En particular, las afirmaciones de la secretaria de Relaciones Exteriores sorprenden si se toma como referencia su labor notablemente destacada, institucional y cuidadosa a lo largo del sexenio, labor que ha sorprendido gratamente a propios y extraños. Esto simplemente ratifica el hecho de que los medios tienen poca paciencia para con el derrapón verbal de quien sea, así tenga una conducta notoriamente prudente.
Si normalmente una política de comunicación institucional camina por espacios muy estrechos, en épocas de crisis estos se achican aún más, por lo que la comunicación debe caminar sobre el filo de la navaja, pero caminar al fin y al cabo. Sin la definición clara de objetivos, el establecimiento de estrategias implementables y la coordinación rigurosa de mensajes, tiempos, voceros, la comunicación institucional carece de brújula y de carta de navegación en medio de un mar embravecido.

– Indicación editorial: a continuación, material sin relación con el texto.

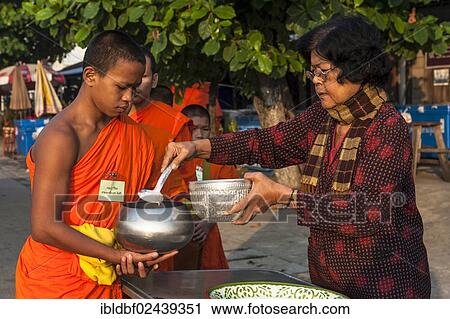 Stock Image - "Morning alms round, a young Buddhist monk from a monastery school holding a begging bowl, receiving rice or offerings from an older woman, Sukhothai Province, Northern Thailand, Thailand, Asia". Fotosearch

No deja de ser curioso lo complicado que es llevar a la práctica algo que en principio no es ciencia oculta y que es mucho más sentido común de lo que parece. La exitosa comunicación del candidato Fox se transformó en un proceso increíblemente desarticulado durante seis años, de la misma forma que el inicio con aparente sentido de estrategia por parte del actual gobierno parece perderse por la falta de una política de comunicación que reconozca los elementos principales de un manejo de crisis permanente. Fue precisamente la instrumentación de una estrategia deliberada de comunicación efectiva, por ejemplo, lo que permitió al presidente Woodrow Wilson persuadir a los norteamericanos de participar en la Primer Guerra Mundial a través de George Creel y su “Committee on Public Information” (CPI). El resto es historia.
Es cierto; siempre es más fácil ver los toros desde la barrera, o el trabajo de los medios cuando se tiene cuando menos un poco de distancia. A fin y al cabo, los medios son espacios naturales para el contraste, para la controversia y el debate. No obstante, una agenda institucional sin una política de comunicación eficiente hará que los rigores de la crisis, de las sensibilidades exaltadas y del papel de los medios en una sociedad democrática le causen más bajas de las que ya de por sí la realidad causa a los planes institucionales. Si gobernar es en buena medida comunicar, esta actividad no puede manejarse tan a la ligera, salvo que ello fuera reflejo de la concepción de gobierno, lo que es difícil de creer pero, bueno, no por ello impensable.